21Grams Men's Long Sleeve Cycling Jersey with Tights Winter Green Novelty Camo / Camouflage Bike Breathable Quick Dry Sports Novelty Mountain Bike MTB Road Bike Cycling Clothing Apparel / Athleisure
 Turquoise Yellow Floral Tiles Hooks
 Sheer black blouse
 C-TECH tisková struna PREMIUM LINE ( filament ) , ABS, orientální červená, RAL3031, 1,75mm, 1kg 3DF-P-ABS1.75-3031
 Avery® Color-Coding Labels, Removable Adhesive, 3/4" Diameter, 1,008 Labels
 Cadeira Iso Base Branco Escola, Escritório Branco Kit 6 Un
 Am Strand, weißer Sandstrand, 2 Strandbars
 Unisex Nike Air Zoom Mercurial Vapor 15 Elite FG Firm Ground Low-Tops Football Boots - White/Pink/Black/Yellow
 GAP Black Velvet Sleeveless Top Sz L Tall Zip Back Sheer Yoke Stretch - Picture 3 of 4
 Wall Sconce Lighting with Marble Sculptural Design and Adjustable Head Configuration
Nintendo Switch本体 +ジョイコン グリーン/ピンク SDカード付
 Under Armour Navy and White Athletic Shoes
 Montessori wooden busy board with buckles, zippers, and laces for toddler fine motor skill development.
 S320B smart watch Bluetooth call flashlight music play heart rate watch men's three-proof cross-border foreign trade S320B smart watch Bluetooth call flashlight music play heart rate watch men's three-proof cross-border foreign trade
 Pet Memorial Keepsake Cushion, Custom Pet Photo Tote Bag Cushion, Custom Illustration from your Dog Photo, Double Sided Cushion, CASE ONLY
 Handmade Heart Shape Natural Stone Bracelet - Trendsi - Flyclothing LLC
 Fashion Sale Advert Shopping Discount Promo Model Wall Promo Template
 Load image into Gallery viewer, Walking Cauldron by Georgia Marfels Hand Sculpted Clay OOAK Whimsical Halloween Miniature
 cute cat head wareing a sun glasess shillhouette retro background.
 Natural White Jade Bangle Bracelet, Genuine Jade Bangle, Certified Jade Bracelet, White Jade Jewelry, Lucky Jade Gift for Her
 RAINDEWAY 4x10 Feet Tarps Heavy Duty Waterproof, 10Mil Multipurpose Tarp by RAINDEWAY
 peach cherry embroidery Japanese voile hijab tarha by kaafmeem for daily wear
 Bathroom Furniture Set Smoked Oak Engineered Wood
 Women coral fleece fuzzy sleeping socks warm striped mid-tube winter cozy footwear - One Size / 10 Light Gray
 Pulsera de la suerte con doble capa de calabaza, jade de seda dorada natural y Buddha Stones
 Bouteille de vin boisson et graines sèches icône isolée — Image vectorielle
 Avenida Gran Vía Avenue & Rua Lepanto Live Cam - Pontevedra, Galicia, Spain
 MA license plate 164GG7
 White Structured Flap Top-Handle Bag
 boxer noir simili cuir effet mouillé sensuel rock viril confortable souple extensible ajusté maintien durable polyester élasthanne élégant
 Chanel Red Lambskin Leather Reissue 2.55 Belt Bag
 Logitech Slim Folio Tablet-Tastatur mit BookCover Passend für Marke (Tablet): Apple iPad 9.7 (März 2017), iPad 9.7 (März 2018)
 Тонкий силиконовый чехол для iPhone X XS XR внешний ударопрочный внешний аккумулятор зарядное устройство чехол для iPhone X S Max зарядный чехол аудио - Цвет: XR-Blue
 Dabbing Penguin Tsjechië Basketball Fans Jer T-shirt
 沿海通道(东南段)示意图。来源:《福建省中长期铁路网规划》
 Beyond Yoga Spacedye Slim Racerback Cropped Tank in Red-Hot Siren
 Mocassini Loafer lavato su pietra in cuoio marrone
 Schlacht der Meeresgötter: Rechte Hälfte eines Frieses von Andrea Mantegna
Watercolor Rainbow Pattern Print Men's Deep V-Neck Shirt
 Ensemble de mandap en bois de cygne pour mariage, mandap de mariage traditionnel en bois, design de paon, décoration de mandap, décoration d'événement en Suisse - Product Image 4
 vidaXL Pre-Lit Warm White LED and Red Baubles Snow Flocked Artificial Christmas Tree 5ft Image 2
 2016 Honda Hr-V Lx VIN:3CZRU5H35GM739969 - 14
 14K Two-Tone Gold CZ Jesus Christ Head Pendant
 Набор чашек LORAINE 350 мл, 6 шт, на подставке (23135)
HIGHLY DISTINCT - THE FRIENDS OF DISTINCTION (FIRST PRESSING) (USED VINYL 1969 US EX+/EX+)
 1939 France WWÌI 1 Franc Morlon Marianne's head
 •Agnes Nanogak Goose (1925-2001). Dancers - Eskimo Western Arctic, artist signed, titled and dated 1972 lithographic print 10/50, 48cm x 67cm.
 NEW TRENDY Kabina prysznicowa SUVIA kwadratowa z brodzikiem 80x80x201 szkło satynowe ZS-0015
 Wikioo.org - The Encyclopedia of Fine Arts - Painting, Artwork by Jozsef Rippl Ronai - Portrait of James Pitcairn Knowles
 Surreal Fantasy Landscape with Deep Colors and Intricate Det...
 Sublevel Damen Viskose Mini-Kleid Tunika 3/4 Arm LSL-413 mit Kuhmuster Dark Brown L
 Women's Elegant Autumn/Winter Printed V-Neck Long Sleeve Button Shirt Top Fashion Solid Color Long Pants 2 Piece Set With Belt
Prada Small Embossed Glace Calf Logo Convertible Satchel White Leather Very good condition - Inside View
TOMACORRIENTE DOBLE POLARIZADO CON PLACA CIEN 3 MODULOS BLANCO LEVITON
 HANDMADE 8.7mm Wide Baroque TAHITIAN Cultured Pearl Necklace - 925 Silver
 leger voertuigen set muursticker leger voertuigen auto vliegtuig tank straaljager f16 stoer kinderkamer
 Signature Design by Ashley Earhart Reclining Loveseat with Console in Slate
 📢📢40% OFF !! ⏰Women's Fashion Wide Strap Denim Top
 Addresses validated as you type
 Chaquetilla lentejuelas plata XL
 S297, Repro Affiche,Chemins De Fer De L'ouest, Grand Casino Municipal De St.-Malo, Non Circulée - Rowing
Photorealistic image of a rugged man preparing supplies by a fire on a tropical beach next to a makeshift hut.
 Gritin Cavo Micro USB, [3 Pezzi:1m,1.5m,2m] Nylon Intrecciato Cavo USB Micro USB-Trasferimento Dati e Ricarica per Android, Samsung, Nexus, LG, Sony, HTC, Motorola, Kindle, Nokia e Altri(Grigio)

════════════════════

WORK REQUIRED: For this task, copy every line of the material in which "Yellow" appears.

EXPECTED OUTPUT:
 Turquoise Yellow Floral Tiles Hooks
 Unisex Nike Air Zoom Mercurial Vapor 15 Elite FG Firm Ground Low-Tops Football Boots - White/Pink/Black/Yellow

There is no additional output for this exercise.